Data block:
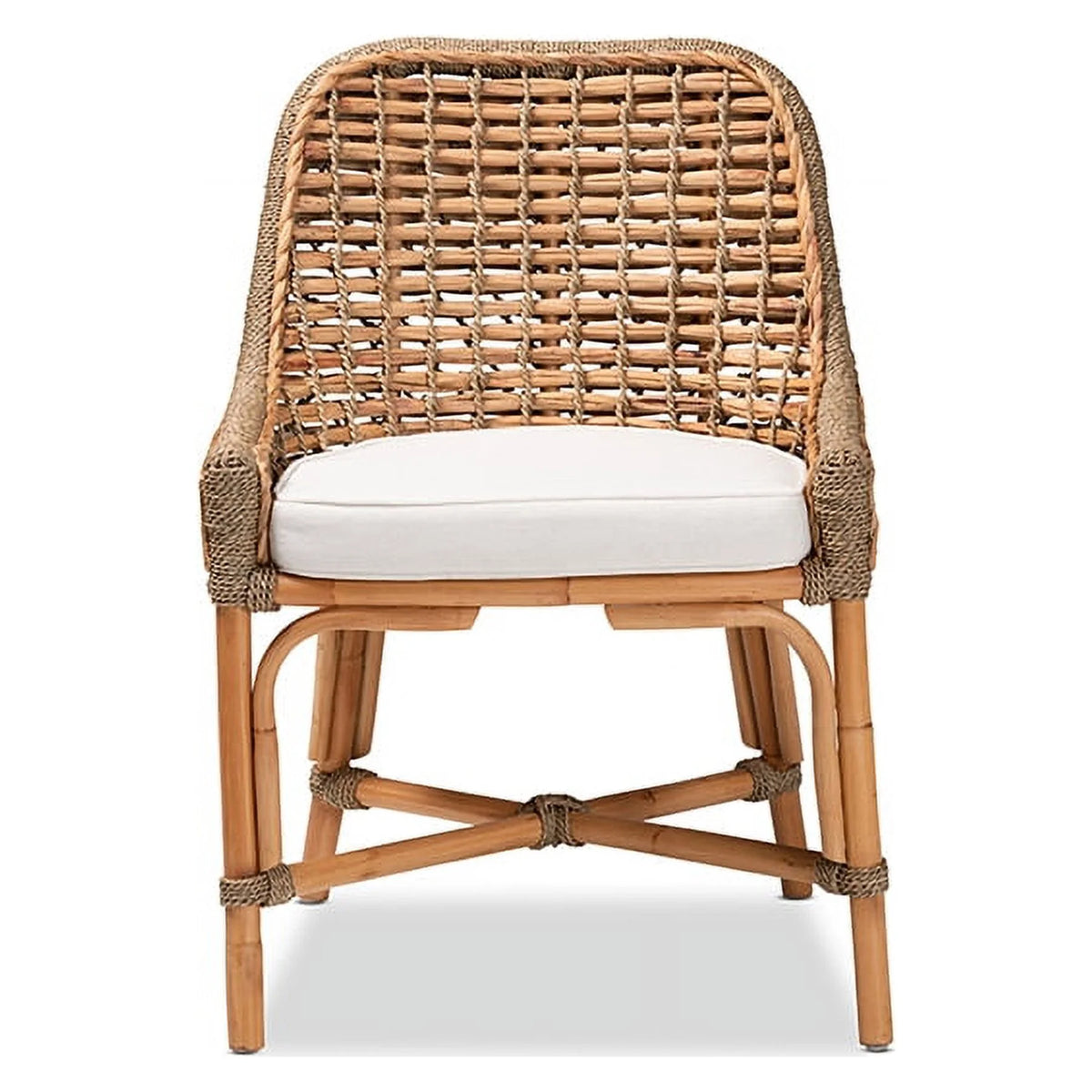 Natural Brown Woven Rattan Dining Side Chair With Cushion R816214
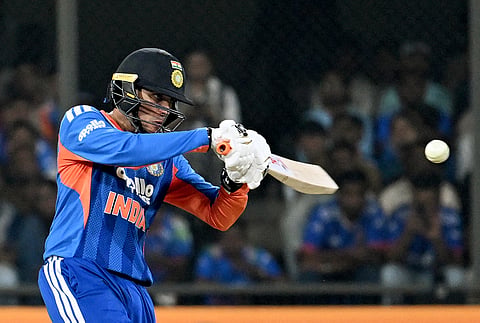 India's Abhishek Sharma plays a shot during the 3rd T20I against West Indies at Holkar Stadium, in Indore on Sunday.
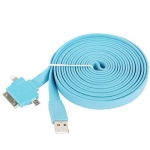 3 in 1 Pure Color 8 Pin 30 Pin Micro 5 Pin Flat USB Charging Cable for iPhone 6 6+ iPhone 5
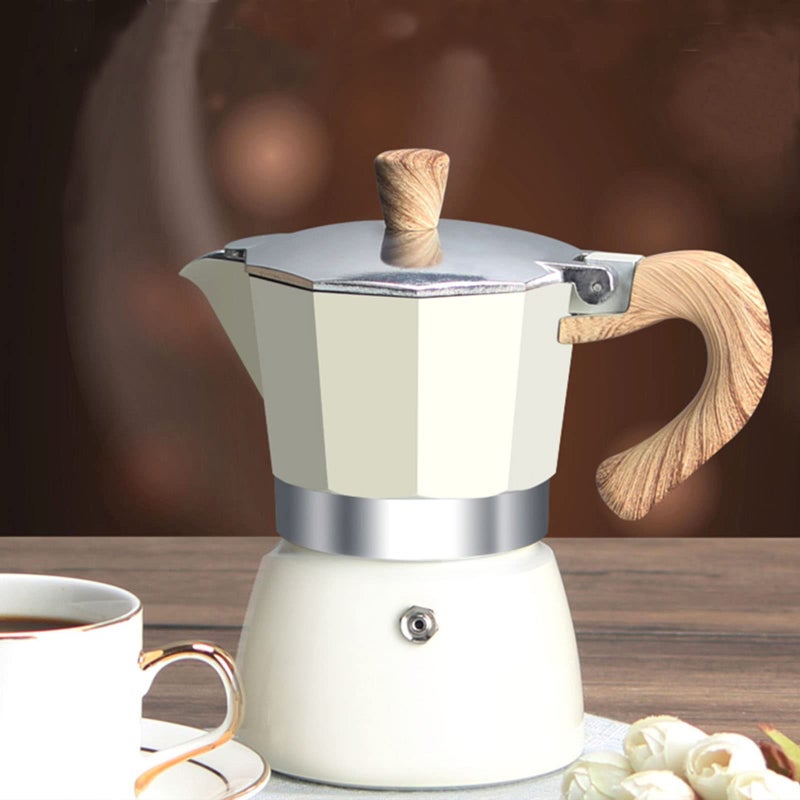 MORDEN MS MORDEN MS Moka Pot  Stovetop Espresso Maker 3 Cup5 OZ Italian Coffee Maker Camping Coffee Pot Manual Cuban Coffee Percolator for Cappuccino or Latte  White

Your objective: Leave out every picture and copy verbatim the lines running from the line containing "3 in 1 Pure" through the final line of the data.

Answer to the problem:
 3 in 1 Pure Color 8 Pin 30 Pin Micro 5 Pin Flat USB Charging Cable for iPhone 6 6+ iPhone 5
 MORDEN MS MORDEN MS Moka Pot  Stovetop Espresso Maker 3 Cup5 OZ Italian Coffee Maker Camping Coffee Pot Manual Cuban Coffee Percolator for Cappuccino or Latte  White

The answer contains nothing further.